1. Enseñanza Devocional (Tiempo estimado: 5 minutos)
En Génesis 16, la espera se hace insoportable. Han pasado diez años desde la promesa y Sara sigue estéril. Cansados de esperar el "tiempo de Dios", deciden actuar con "lógica humana": Sarai ofrece a su sierva Agar para tener descendencia. Es el clásico "Plan B" humano. De esta unión nace Ismael. Aunque Dios permite que nazca, este atajo traerá conflicto y dolor a la familia. Sin embargo, es conmovedor ver que cuando Agar huye al desierto, despreciada, Dios la encuentra. Ella llama a Dios El-Roi ("El Dios que me ve"). Incluso en nuestros errores, Dios no deja de mirarnos con misericordia.
Pasan 13 años de silencio. En Génesis 17, Abram tiene 99 años. Dios rompe el silencio presentándose como El Shaddai ("El Dios Todopoderoso"). Aquí Dios cambia sus nombres: Abram ("padre enaltecido") pasa a ser Abraham ("padre de multitudes"), y Sarai a Sara ("princesa"). Dios establece la circuncisión como señal física del pacto. Dios deja claro que la promesa no vendrá por Ismael (el hijo del esfuerzo humano), sino por Isaac (el hijo de la promesa), que nacerá de Sara.
En Génesis 18, vemos una escena maravillosa de hospitalidad. Tres visitantes celestiales (una teofanía o aparición de Dios con dos ángeles) llegan a la tienda. Renuevan la promesa: "Sara tendrá un hijo". Sara, escuchando detrás de la cortina, se ríe. Es una risa cínica, de quien ha perdido la esperanza. La respuesta de Dios es una de las preguntas más poderosas de la Biblia: "¿Hay para Dios alguna cosa difícil?".
El capítulo termina con Abraham caminando con Dios. Dios decide compartir sus planes sobre el juicio de Sodoma con Abraham, llamándolo amigo. Lo que sigue es una negociación audaz: Abraham intercede por los justos de la ciudad. Vemos el corazón de Dios, que está dispuesto a perdonar a toda una ciudad perversa si tan solo hubiera diez justos en ella.
Reflexión: A menudo recurrimos a nuestros propios "Ismaeles" (soluciones rápidas y carnales) cuando Dios tarda en responder. ¿Estás tratando de "ayudar" a Dios manipulando las circunstancias, o estás dispuesto a confiar en El Shaddai? Recuerda hoy la pregunta divina: ¿Hay algo demasiado difícil para Él?
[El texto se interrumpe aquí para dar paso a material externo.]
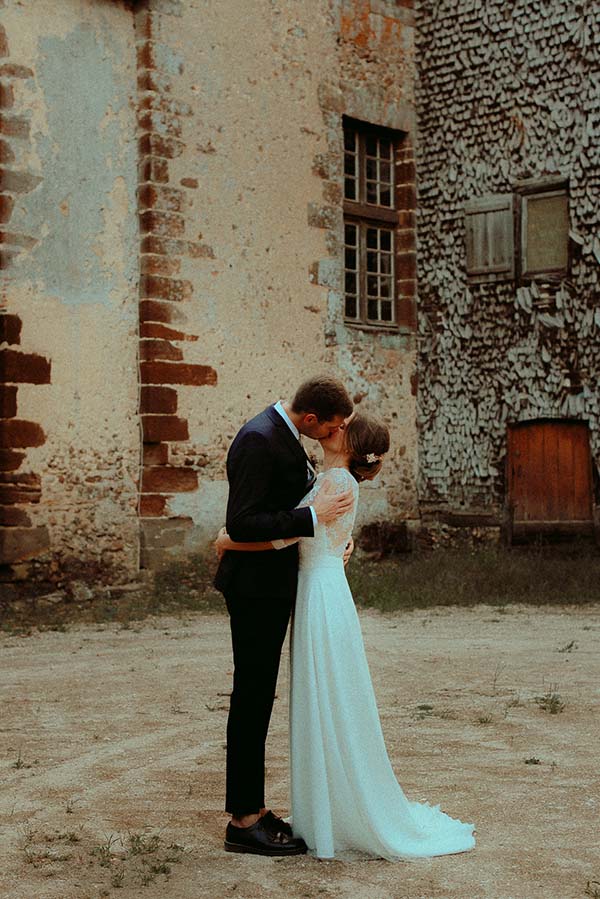 mariage simple champêtre Centre-Val de Loire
Tu situación "imposible" es el escenario perfecto para su milagro.
2. Lectura Bíblica (Reina Valera)
Pasajes: Génesis 16, Génesis 17, Génesis 18. (Lee estos capítulos en tu Biblia física o digital).
3. Preguntas de Comprensión
En Génesis 16:13, ¿qué nombre le dio Agar a Jehová después de que Él la encontró junto a la fuente en el desierto?
En Génesis 17:10-11, ¿cuál fue la señal física del pacto que Dios ordenó que guardaran Abraham y su descendencia?
En Génesis 18:12-14, ¿por qué se rió Sara "entre sí" y cuál fue la pregunta que Jehová hizo en respuesta a esa risa?
4. Versículo Clave para Memorizar
"¿Hay para Dios alguna cosa difícil? Al tiempo señalado volveré a ti, y según el tiempo de la vida, Sara tendrá un hijo." — Génesis 18:14 (RVR1960)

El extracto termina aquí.